▶ **Exercise goal**
The string "finalists" may appear in lines of the listing. Report each line where it does.

▶ **Source records**
········

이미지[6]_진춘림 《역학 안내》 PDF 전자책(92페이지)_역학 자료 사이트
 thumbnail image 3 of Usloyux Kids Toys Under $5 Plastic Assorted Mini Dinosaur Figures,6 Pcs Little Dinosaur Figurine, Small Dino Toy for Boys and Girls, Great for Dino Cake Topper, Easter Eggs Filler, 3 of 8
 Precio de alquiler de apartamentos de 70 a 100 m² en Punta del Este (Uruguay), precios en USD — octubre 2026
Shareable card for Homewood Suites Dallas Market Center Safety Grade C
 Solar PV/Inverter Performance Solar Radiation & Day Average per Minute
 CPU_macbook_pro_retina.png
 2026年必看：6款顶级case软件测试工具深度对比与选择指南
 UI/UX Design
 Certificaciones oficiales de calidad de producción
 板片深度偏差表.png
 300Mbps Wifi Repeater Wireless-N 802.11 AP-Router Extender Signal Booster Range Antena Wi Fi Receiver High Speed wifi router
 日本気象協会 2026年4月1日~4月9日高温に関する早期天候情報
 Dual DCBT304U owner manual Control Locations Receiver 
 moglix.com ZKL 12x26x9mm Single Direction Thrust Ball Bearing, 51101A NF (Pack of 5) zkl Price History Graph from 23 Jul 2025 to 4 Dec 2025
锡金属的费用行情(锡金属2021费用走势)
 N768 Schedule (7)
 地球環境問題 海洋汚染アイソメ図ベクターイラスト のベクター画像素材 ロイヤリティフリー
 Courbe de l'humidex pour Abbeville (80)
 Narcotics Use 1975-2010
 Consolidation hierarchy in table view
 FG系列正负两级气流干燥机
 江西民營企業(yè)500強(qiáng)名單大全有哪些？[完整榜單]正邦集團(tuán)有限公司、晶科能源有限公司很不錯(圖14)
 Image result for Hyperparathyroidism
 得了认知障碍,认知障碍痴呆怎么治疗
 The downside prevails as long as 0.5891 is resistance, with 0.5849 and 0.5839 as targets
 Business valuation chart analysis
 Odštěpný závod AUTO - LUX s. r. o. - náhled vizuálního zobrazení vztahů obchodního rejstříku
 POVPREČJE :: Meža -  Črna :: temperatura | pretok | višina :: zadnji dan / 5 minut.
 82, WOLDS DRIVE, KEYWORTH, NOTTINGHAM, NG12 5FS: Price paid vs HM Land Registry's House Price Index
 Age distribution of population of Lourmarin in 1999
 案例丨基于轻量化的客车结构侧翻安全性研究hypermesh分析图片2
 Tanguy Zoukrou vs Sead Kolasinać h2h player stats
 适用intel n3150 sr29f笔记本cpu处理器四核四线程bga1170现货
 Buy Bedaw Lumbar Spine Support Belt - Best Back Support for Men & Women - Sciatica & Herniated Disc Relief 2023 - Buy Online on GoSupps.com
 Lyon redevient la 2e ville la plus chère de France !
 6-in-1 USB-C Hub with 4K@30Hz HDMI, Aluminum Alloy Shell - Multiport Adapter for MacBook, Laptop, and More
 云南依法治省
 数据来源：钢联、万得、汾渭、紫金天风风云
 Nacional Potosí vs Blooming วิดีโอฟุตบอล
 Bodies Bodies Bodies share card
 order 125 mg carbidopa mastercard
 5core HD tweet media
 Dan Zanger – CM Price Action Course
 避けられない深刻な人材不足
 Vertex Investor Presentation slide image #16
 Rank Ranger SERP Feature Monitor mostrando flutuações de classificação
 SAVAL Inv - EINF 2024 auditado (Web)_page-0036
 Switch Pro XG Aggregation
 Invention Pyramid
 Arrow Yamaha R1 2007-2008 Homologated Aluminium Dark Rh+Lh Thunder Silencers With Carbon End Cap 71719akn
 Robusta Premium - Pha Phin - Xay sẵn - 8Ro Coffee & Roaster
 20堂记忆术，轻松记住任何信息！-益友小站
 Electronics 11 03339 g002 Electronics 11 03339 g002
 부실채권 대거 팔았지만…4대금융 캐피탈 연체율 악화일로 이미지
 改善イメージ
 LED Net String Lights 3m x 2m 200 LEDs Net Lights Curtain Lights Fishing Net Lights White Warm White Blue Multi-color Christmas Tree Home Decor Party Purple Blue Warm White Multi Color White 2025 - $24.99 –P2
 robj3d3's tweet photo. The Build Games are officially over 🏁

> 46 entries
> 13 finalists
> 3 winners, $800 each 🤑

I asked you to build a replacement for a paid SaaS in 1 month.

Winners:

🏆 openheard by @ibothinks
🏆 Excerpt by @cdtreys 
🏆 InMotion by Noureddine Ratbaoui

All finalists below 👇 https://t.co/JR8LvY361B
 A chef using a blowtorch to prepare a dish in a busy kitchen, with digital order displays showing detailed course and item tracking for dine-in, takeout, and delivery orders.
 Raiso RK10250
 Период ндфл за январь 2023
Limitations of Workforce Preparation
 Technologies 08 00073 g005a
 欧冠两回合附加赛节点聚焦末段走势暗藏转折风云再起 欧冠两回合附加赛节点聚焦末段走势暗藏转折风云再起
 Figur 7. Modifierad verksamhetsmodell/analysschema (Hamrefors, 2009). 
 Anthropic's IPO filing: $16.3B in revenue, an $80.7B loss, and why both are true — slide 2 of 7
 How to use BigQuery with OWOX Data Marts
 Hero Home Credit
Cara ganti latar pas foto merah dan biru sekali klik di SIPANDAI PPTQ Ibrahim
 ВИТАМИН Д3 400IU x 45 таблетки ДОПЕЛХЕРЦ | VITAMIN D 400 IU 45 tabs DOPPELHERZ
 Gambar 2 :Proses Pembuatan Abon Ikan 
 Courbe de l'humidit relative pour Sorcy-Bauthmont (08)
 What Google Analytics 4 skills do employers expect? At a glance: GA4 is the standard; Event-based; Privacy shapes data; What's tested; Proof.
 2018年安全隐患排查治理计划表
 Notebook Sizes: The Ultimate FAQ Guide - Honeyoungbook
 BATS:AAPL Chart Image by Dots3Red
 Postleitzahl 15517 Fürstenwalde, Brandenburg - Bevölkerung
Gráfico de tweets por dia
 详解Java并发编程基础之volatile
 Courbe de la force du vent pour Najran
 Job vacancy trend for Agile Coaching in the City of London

········

▶ **Finished exercise**
> 13 finalists
All finalists below 👇 https://t.co/JR8LvY361B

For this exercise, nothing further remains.